→ **WHAT YOU SHOULD DO**
Somewhere below, one line contains "Nuova Renault Captur" and a later line contains "Tablet Screenshot of". Output those two lines and everything between them exactly, and nothing else.
[[ DATASET RECORDS, beginning ]]
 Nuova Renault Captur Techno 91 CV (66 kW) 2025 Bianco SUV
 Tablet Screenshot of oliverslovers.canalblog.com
[[ DATASET RECORDS, end ]]
[[ DATASET RECORDS, beginning ]]
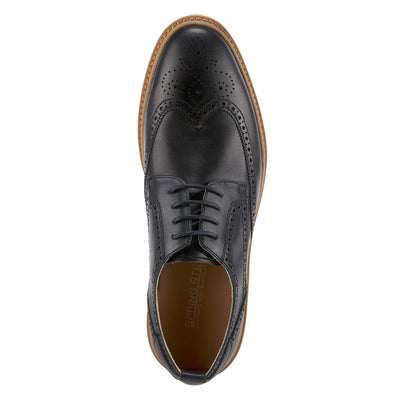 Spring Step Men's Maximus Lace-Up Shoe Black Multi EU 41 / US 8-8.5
[[ DATASET RECORDS, end ]]
[[ DATASET RECORDS, beginning ]]
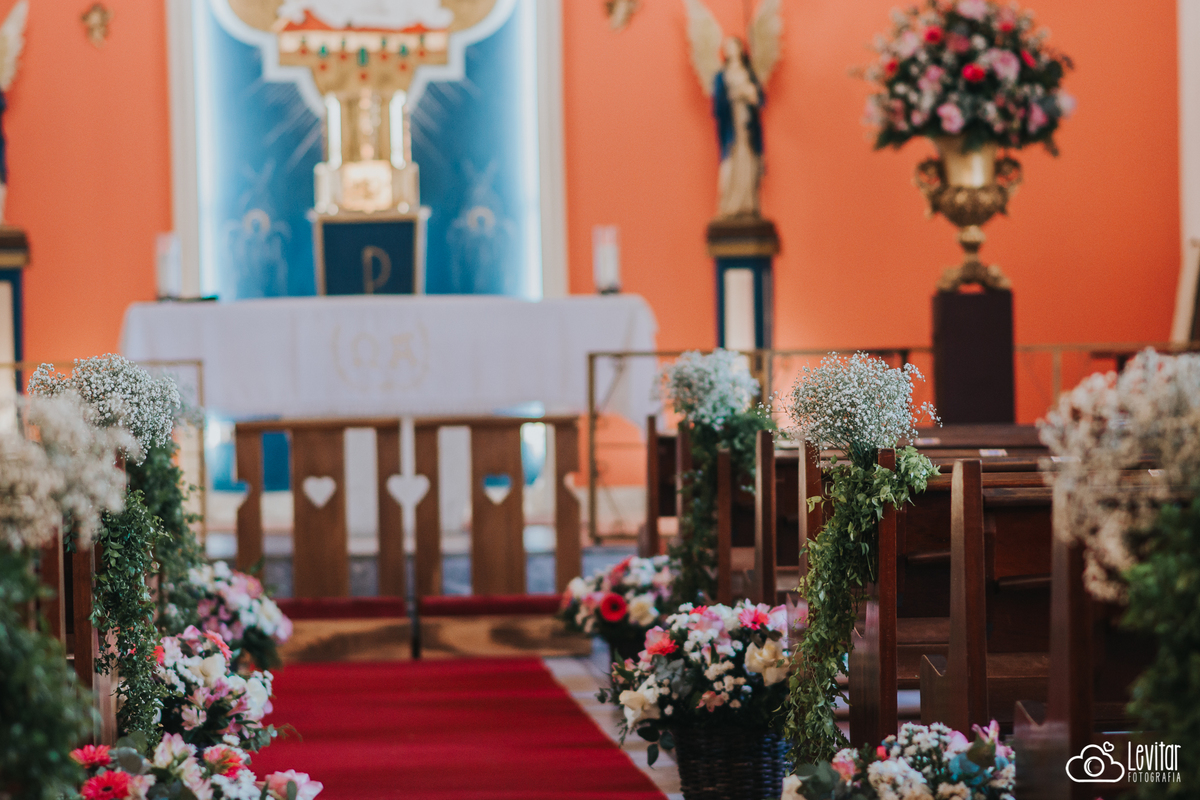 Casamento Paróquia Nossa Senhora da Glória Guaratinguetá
[[ DATASET RECORDS, end ]]
→ **SOLUTION TO THIS PROBLEM**
 Nuova Renault Captur Techno 91 CV (66 kW) 2025 Bianco SUV
 Tablet Screenshot of oliverslovers.canalblog.com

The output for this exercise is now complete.